- [Short text fragments from websites]
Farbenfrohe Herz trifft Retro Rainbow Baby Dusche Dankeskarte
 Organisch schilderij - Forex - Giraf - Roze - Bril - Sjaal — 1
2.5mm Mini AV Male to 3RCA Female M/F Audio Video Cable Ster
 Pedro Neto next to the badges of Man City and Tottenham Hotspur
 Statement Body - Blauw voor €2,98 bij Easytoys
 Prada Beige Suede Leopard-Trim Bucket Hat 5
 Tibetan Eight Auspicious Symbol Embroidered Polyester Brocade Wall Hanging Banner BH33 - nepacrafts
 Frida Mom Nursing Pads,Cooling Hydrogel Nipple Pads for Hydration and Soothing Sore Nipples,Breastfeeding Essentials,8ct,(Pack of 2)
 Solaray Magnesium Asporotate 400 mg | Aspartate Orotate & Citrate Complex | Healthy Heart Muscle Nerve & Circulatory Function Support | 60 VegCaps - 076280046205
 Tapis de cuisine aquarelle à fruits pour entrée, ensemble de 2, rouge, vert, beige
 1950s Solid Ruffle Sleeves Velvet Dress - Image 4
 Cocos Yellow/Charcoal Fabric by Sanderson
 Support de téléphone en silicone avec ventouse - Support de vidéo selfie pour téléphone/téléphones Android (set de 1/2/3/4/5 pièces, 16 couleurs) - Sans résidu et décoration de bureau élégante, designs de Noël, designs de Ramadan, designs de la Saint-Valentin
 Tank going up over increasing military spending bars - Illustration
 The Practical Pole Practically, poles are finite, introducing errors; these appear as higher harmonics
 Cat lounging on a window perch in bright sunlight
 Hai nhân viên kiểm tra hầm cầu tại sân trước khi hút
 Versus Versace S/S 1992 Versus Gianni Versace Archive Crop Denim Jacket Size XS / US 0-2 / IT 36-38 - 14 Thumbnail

- [Your instructions]
When a line in the data holds the word "pour", show that line.

- [Result of this exercise]
 Tapis de cuisine aquarelle à fruits pour entrée, ensemble de 2, rouge, vert, beige
 Support de téléphone en silicone avec ventouse - Support de vidéo selfie pour téléphone/téléphones Android (set de 1/2/3/4/5 pièces, 16 couleurs) - Sans résidu et décoration de bureau élégante, designs de Noël, designs de Ramadan, designs de la Saint-Valentin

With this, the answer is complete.